• _RAW DATA_:
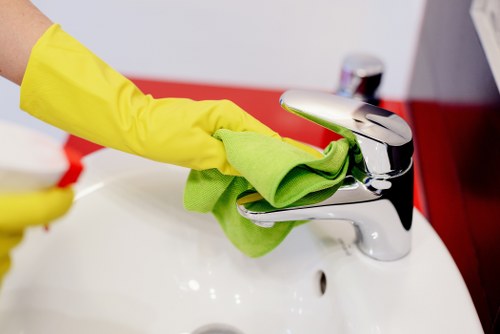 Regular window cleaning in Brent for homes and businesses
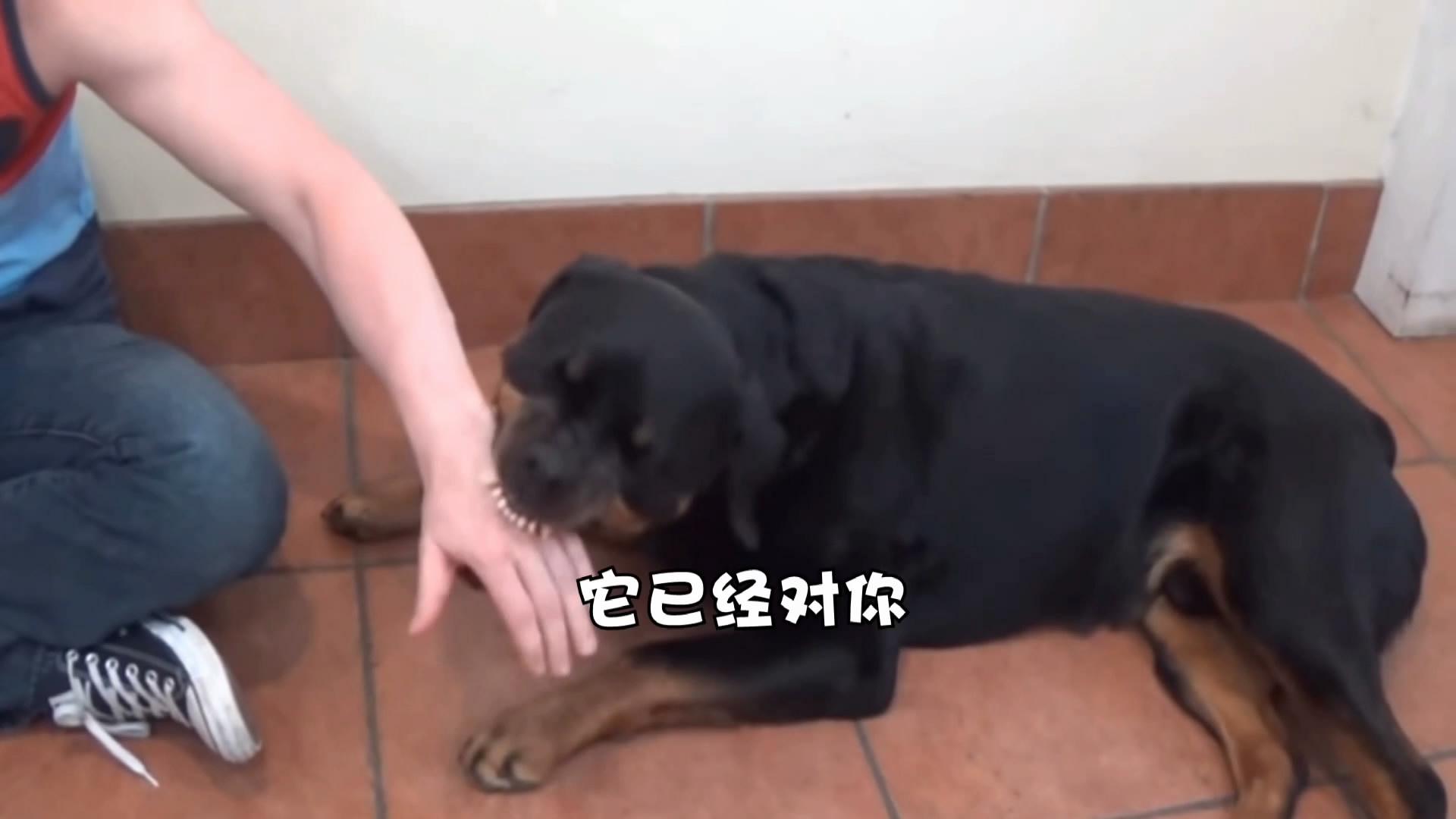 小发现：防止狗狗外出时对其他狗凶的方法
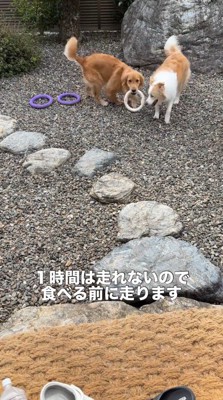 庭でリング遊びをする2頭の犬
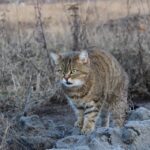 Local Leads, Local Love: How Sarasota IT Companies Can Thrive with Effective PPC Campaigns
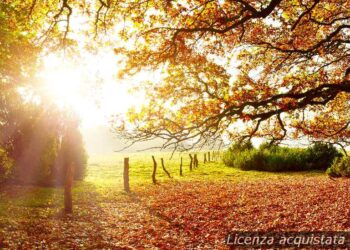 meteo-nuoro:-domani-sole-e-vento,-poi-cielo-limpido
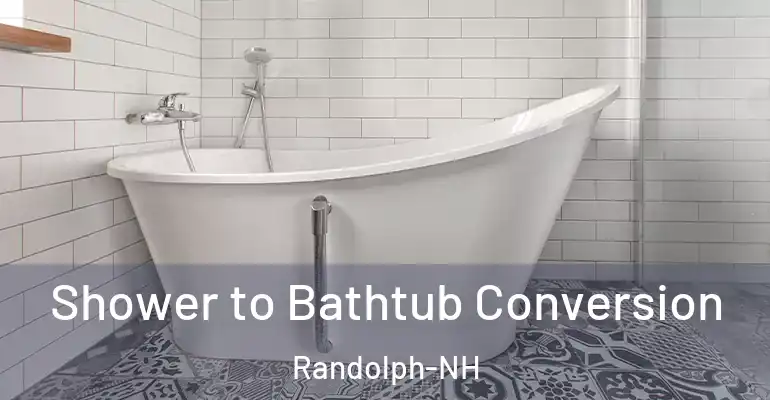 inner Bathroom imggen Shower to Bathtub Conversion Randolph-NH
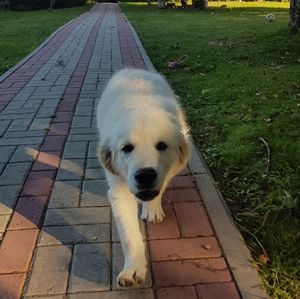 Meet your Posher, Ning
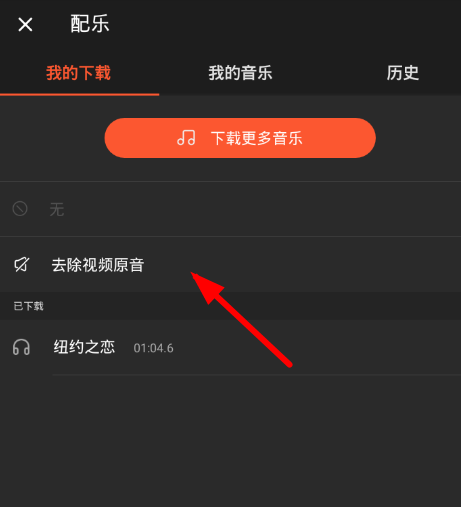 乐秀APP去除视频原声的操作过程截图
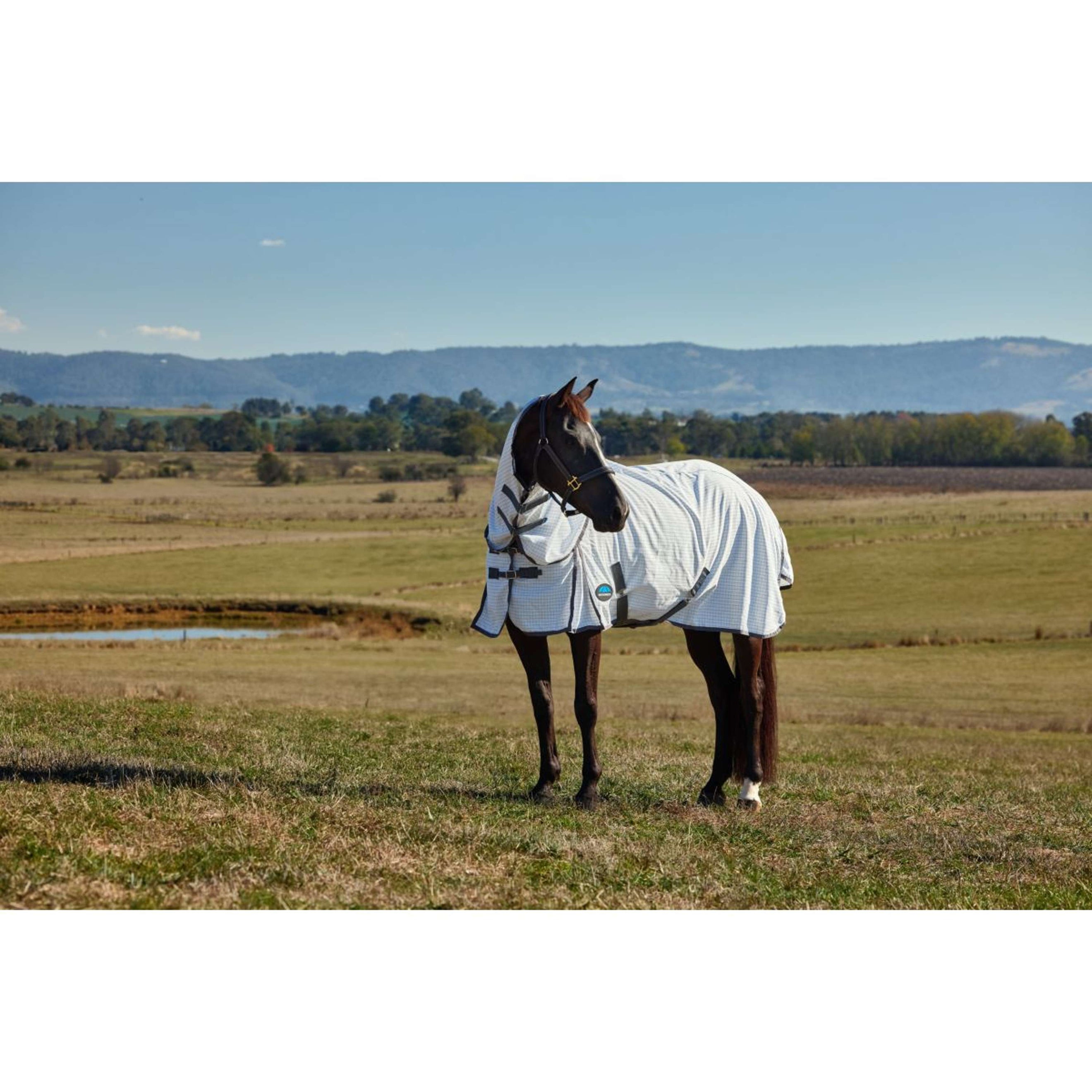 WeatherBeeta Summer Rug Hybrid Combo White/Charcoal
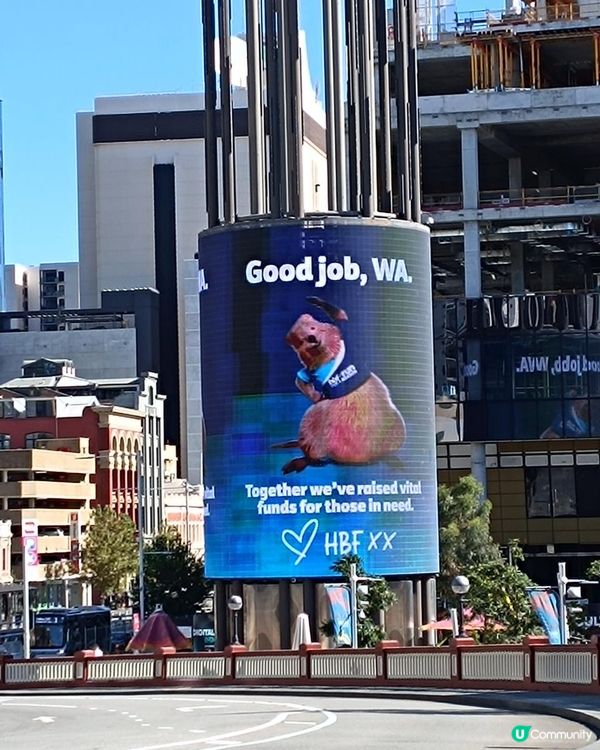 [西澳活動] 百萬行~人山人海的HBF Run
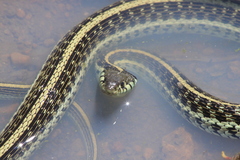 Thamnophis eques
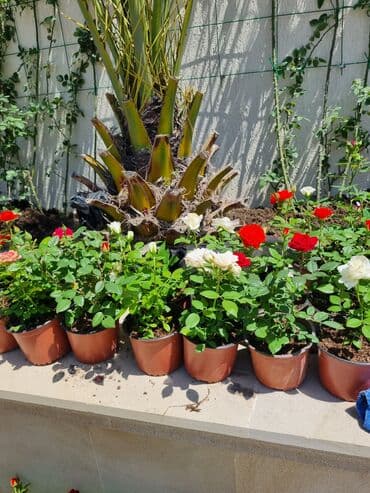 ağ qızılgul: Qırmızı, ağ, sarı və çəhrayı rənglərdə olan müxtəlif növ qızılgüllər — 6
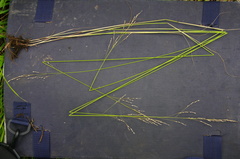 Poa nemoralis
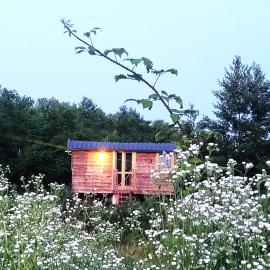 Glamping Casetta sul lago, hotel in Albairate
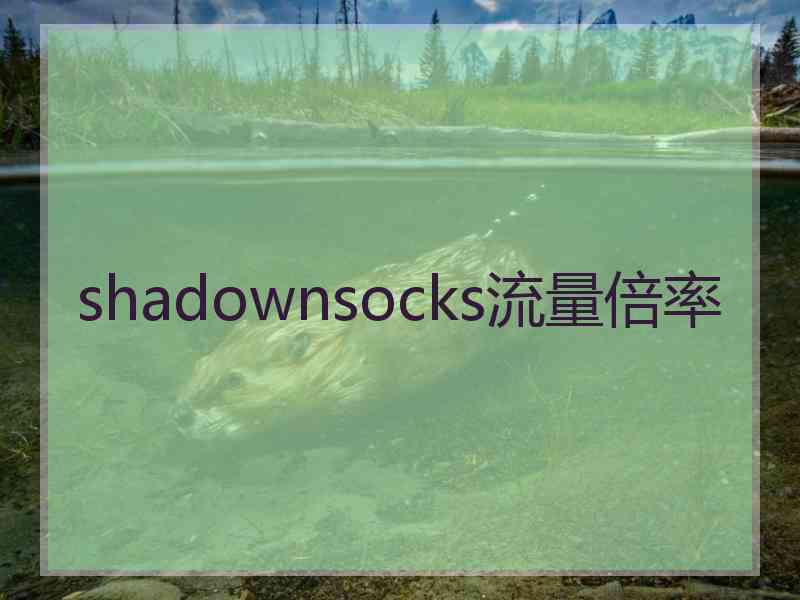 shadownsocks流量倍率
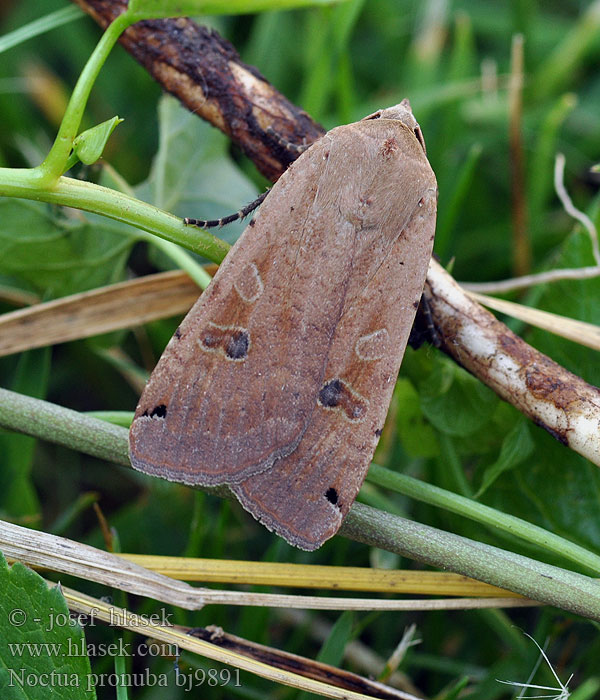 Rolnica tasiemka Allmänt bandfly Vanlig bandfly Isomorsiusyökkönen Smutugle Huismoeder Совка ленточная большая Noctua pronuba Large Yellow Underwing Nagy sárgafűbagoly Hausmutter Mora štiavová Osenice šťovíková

• _WHAT YOU ARE ASKED TO DO_: Only lines go in the copy, not pictures. Transcribe exactly from the start of the listing through the line containing "shadownsocks流量倍率".

• _REPLY TO THE TASK_:
 Regular window cleaning in Brent for homes and businesses
 小发现：防止狗狗外出时对其他狗凶的方法
 庭でリング遊びをする2頭の犬
 Local Leads, Local Love: How Sarasota IT Companies Can Thrive with Effective PPC Campaigns
 meteo-nuoro:-domani-sole-e-vento,-poi-cielo-limpido
 inner Bathroom imggen Shower to Bathtub Conversion Randolph-NH
 Meet your Posher, Ning
 乐秀APP去除视频原声的操作过程截图
 WeatherBeeta Summer Rug Hybrid Combo White/Charcoal
 [西澳活動] 百萬行~人山人海的HBF Run
 Thamnophis eques
 ağ qızılgul: Qırmızı, ağ, sarı və çəhrayı rənglərdə olan müxtəlif növ qızılgüllər — 6
 Poa nemoralis
 Glamping Casetta sul lago, hotel in Albairate
 shadownsocks流量倍率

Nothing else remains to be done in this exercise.